La conception qui est la nôtre, en Argentine, d’un "mouvement ouvrier anarchiste" résulte de l’analyse du processus suivi durant un demi siècle par les idées socialistes et de l’étude des luttes du prolétariat pendant cette même période. En Argentine, il n’y a pas de différence substantielle entre le syndicat et le groupe anarchiste ; les deux remplissent la même mission de propagande, même s’ils se gèrent de façon différente. Les syndicats sont constitués d’ouvriers d’un même métier, les groupes remplissent des fonctions de propagande là où, pour quelque raison que ce soit, l’organisation ouvrière n’existe pas. Mais, dès que cela est possible, le travail de prosélytisme anarchiste est fait directement par le syndicat, ce qui explique pourquoi la propagande doctrinale et l’action professionnelle des travailleurs se complètent.

Nous avons en notre faveur l’expérience d’un mouvement qui ne se fractionne pas en fonction des différents aspects du problème social, sans que pour cela il oublie de les prendre en compte.
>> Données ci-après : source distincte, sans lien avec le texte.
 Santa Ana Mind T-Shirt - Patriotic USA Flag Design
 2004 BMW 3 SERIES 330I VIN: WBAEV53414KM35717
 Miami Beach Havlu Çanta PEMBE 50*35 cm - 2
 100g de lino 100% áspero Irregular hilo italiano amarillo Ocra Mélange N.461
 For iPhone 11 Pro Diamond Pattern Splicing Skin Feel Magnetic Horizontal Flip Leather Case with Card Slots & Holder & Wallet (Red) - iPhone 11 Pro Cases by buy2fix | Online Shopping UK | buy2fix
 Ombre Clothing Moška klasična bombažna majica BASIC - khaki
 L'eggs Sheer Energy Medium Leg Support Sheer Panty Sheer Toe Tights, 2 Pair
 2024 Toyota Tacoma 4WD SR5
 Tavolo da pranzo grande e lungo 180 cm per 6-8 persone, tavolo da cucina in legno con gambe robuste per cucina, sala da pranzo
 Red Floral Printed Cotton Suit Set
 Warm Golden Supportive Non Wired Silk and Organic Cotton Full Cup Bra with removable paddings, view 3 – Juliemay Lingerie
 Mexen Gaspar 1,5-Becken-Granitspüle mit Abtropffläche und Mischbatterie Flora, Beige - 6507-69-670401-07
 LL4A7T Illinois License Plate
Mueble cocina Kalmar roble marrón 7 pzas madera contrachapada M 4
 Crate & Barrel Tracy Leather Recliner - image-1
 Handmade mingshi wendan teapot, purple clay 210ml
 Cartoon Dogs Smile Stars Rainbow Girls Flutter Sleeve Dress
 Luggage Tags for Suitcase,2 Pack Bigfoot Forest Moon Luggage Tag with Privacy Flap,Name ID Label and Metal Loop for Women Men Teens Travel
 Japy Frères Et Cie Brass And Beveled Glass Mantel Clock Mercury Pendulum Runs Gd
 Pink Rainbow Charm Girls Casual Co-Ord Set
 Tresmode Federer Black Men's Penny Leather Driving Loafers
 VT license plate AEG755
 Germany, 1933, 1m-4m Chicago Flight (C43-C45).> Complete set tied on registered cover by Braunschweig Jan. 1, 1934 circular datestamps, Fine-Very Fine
C’est cette expérience constructive qui inspire nos critiques contre l’anarchisme de chapelle et de secte, si en vogue dans la majorité des pays.

Est-ce que la clarification sur ce point n’amènerait pas les anarchistes à trouver la base commune de leurs activités futures ?
III

Quand nous signalons l’importance, pour l’anarchisme militant, du retour à l’activité dans le mouvement ouvrier, nous exprimons le souhait de reprendre le combat là où s’interrompit la tradition révolutionnaire de la Première Internationale. Nous ne faisons pas référence au concept classiste qui anima cette première tentative d’union fraternelle entre toutes les victimes du joug capitaliste. Ce que nous revendiquons dans l’Internationalisme d’il y a un demi-siècle, ce n’est pas la force instinctive qui lui a donné des apparences révolutionnaires, mais très précisément la doctrine qui amena des orientations idéologiques à ce regroupement d’individus dont le point de départ était la satisfaction des nécessités les plus urgentes. Cela veut dire que nous voyons en Bakounine l’interprète d’une conception opposée à la doctrine marxiste et à la tendance manifestée par les socialistes autoritaires de subordonner les problèmes éthiques au facteur économique.

Nous considérons cependant que le bakounisme n’est pas une doctrine achevée. C’est sur la base de l’esprit subversif de Bakounine et non par rapport à l’éventail de ses conceptions tactiques -répondant presque toujours au caractère transitoire des phénomènes sociaux- que nous devons construire l’Internationale et notre propagande dans le mouvement ouvrier. Il est intéressant dans cette perspective de souligner que l’échec de la Première internationale était un événement inévitable, indépendant des luttes personnelles qui l’agitèrent pendant sa courte existence. Même sans l’inimitié entre Marx et Bakounine, la scission se serait produite entre les autoritaires et les libertaires. Ils étaient dans les mêmes organisations, mais sans avoir entre eux un véritable lien de solidarité.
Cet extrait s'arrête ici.